*** Opening of MATERIAL FOR THIS EXERCISE ***

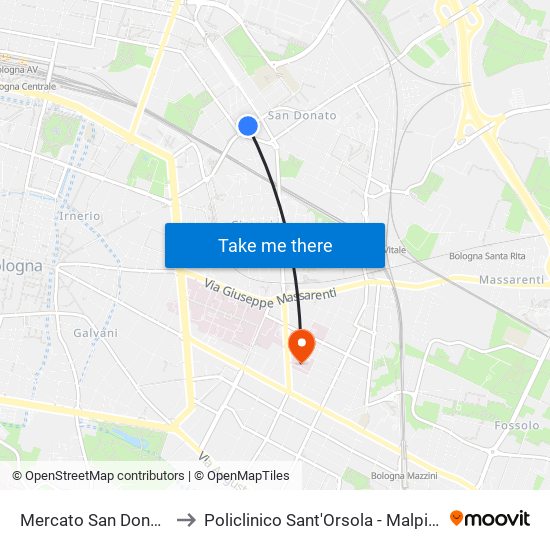 Mercato San Donato to Policlinico Sant'Orsola - Malpighi map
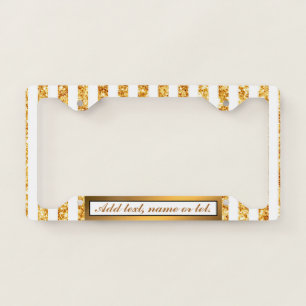 Gold Vertical Glitter Boho Stripes Collection License Plate Frame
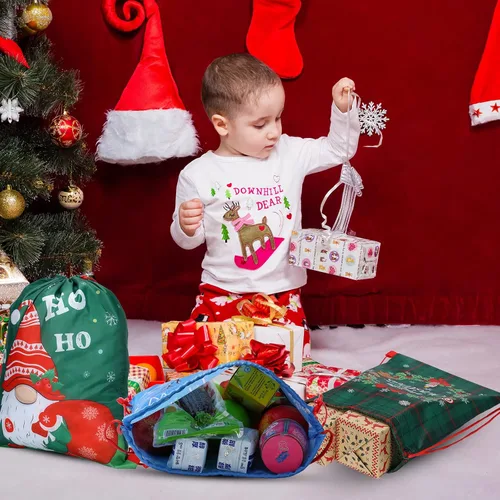 Miniatura 5 de Xuniea 12 bolsas de recuerdos de fiesta de Navidad para niños, mochila con cordón de Papá Noel, golosinas de Papá Noel, bolsas de regalo, regalos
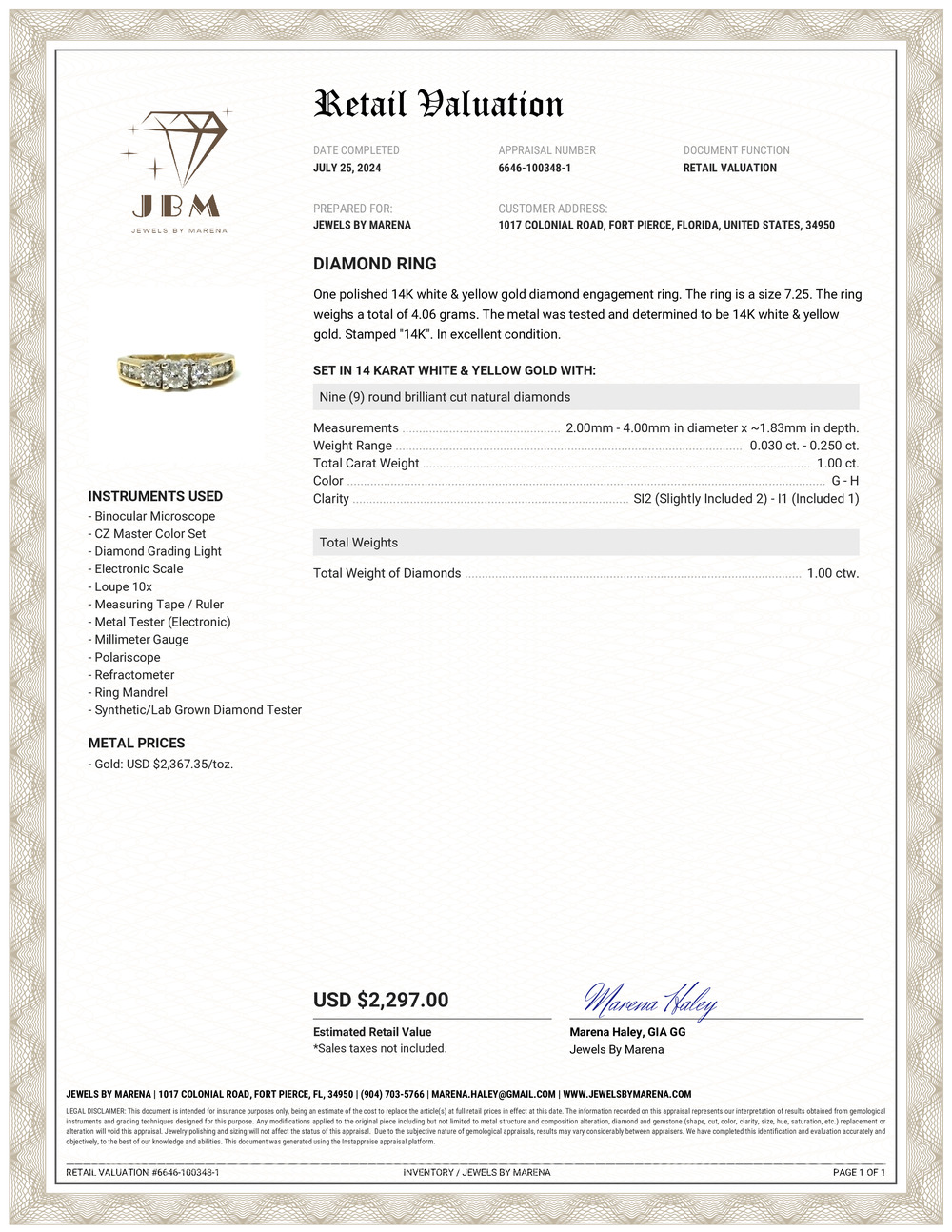 Certified Diamond Engagement Ring 1CTW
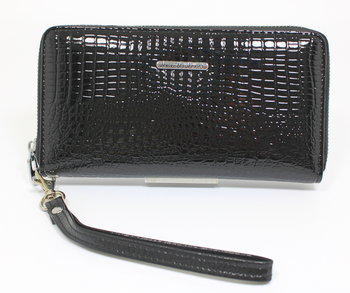 Portfel damski piórnik skórzany  Jennifer Jones 5295-2 duży czarny RFID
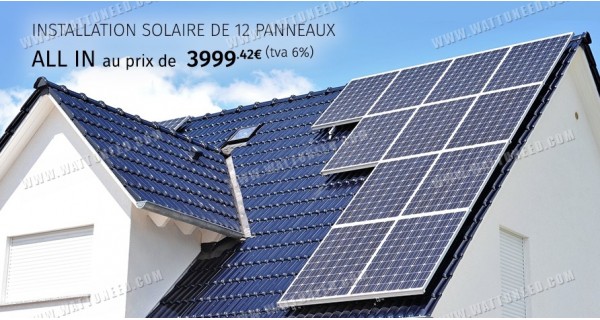 Installations solaire de 12 panneaux - 3kW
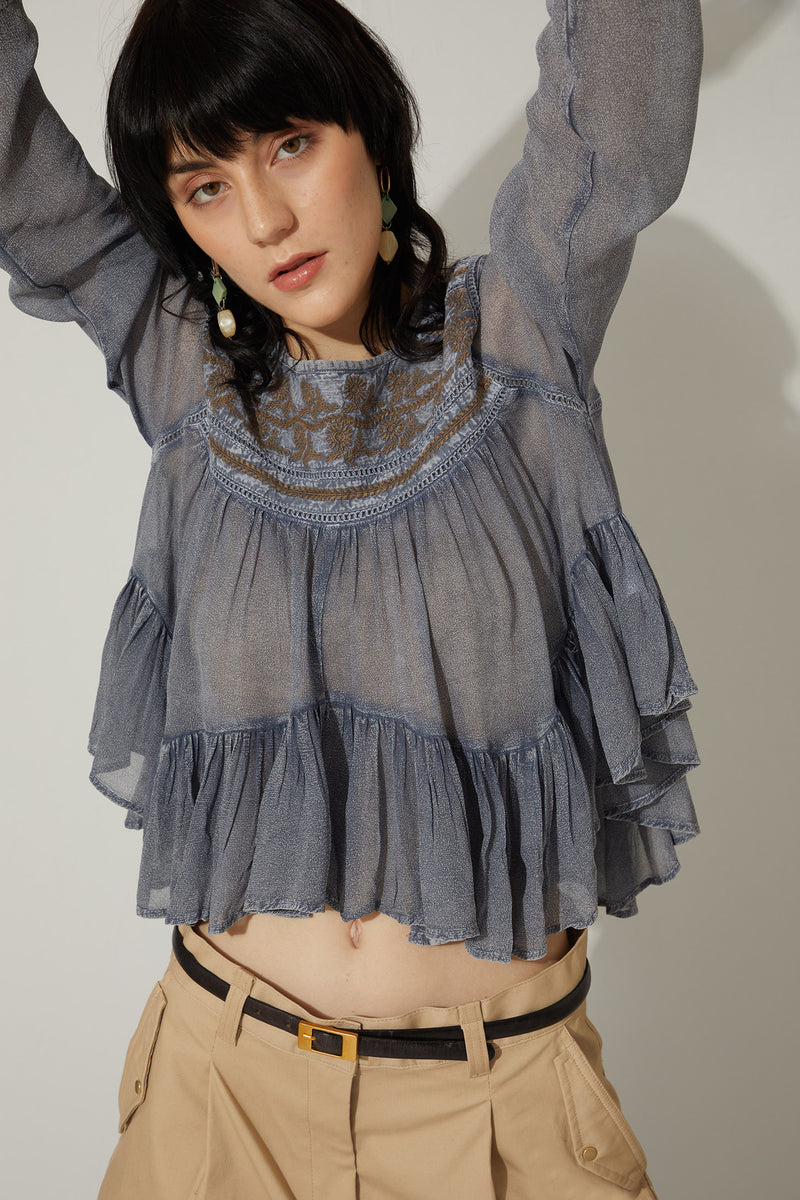 Bohera Moana Embroidered Washed TOP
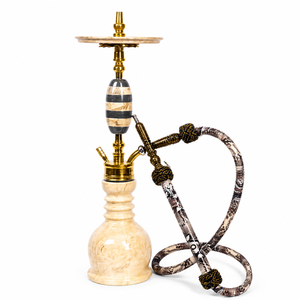 Farida Hookahs Egyptian Luxury Marble Hookah with Heavy Tray Stainless Stem Designer <b>Vase</b> 1 Hose-Matching Set for Shisha Smoking - Product Image 1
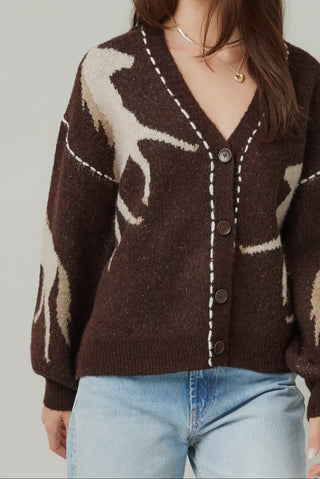 Brown Knit Horse Cardigan with V-Neck & Button Front – Western Style Sweater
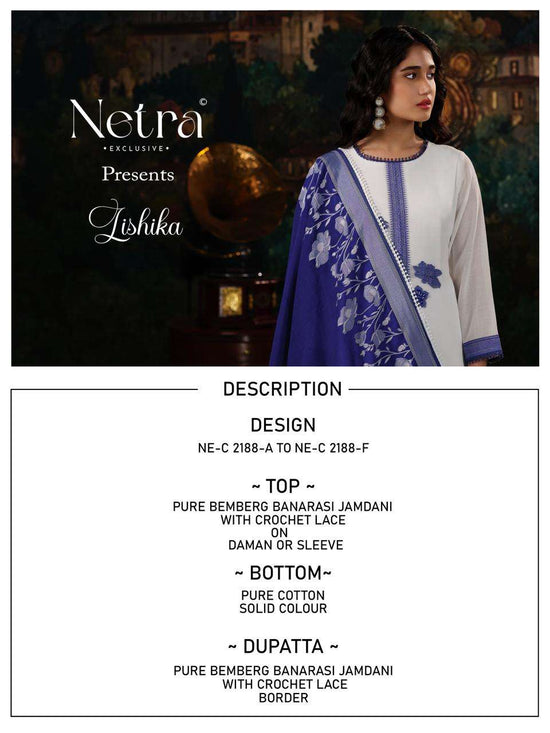 Netra Exclusive Lishika Premium Bemberg Jamdani Dress Material - Amrah Wholesale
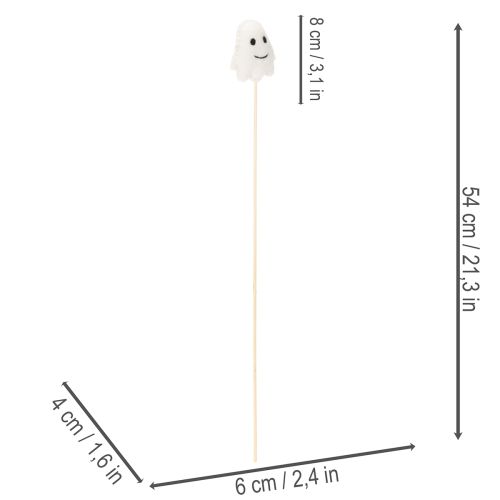 Figurines fantômes sur bâton en bois 54 cm décoration Halloween - Lot de 8 | Floristik24.fr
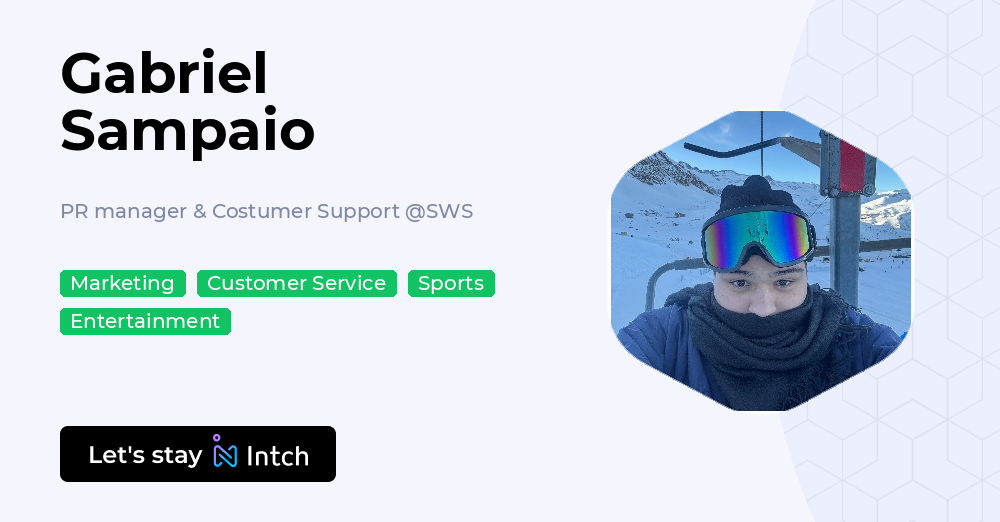 Gabriel Sampaio - PR manager & Costumer Support, SWS | Intch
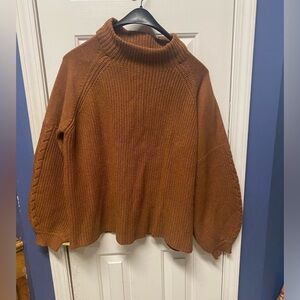 Eloquii Puff Sleeve Chunky Sweater Brown Plus Size 18/20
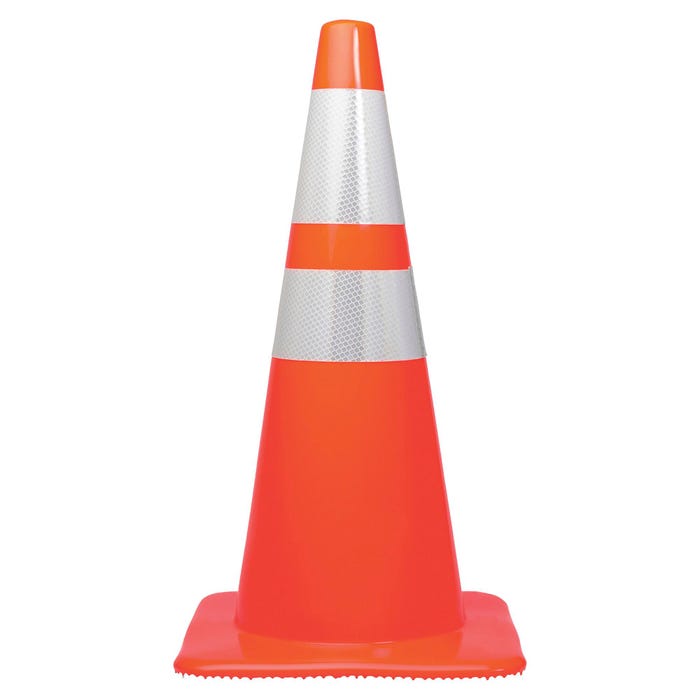 Tatco Traffic Cone, 28 in, Orange and Silver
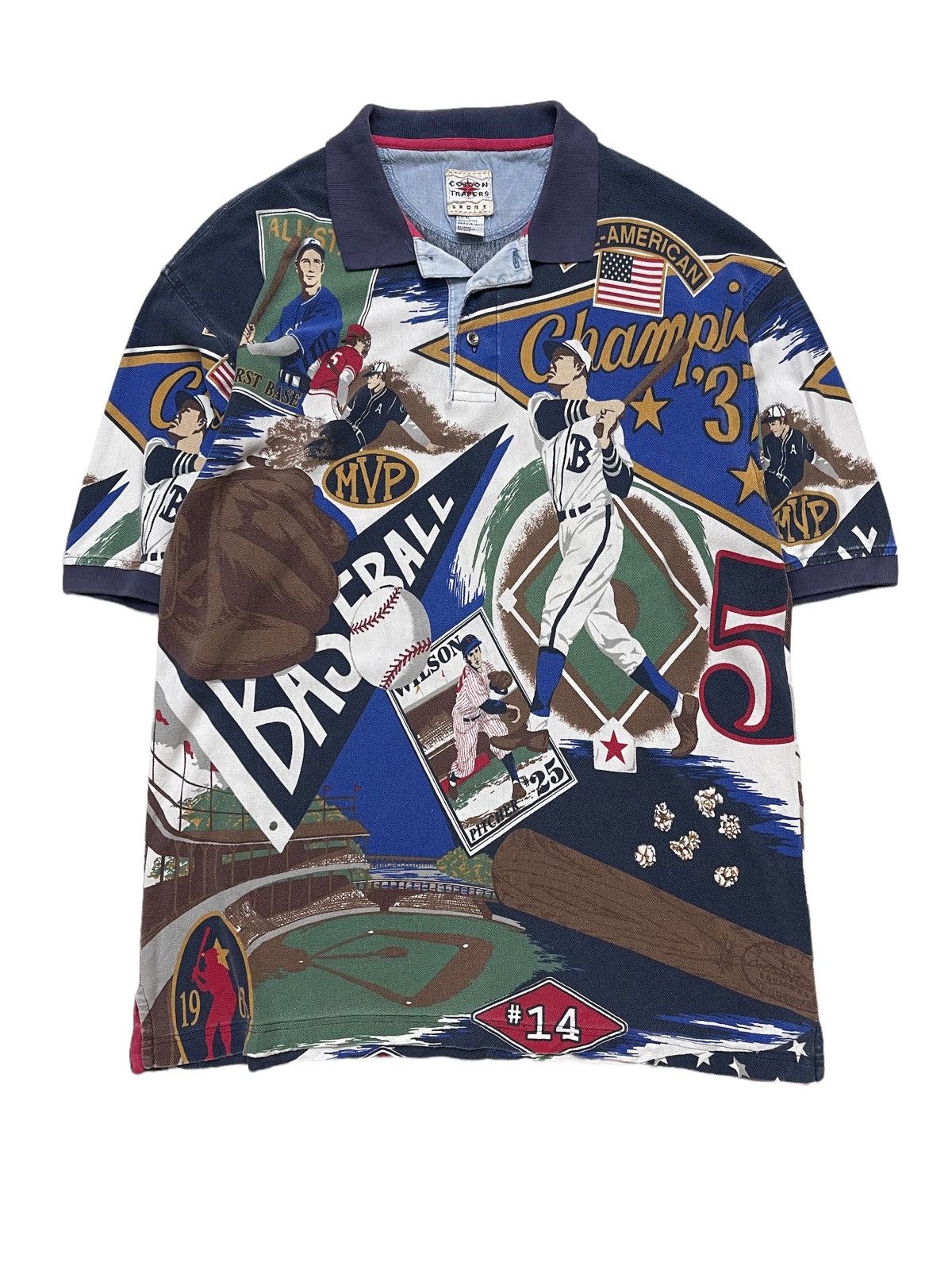 Vintage Major League Baseball Fullprint Polo Shirt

*** Close of MATERIAL FOR THIS EXERCISE ***

THE PROBLEM
Print the data above exactly, minus pictures.

RESPONSE TO THIS EXERCISE
 Mercato San Donato to Policlinico Sant'Orsola - Malpighi map
 Gold Vertical Glitter Boho Stripes Collection License Plate Frame
 Miniatura 5 de Xuniea 12 bolsas de recuerdos de fiesta de Navidad para niños, mochila con cordón de Papá Noel, golosinas de Papá Noel, bolsas de regalo, regalos
 Certified Diamond Engagement Ring 1CTW
 Portfel damski piórnik skórzany  Jennifer Jones 5295-2 duży czarny RFID
 Installations solaire de 12 panneaux - 3kW
 Bohera Moana Embroidered Washed TOP
 Farida Hookahs Egyptian Luxury Marble Hookah with Heavy Tray Stainless Stem Designer <b>Vase</b> 1 Hose-Matching Set for Shisha Smoking - Product Image 1
 Brown Knit Horse Cardigan with V-Neck & Button Front – Western Style Sweater
 Netra Exclusive Lishika Premium Bemberg Jamdani Dress Material - Amrah Wholesale
 Figurines fantômes sur bâton en bois 54 cm décoration Halloween - Lot de 8 | Floristik24.fr
 Gabriel Sampaio - PR manager & Costumer Support, SWS | Intch
 Eloquii Puff Sleeve Chunky Sweater Brown Plus Size 18/20
 Tatco Traffic Cone, 28 in, Orange and Silver
 Vintage Major League Baseball Fullprint Polo Shirt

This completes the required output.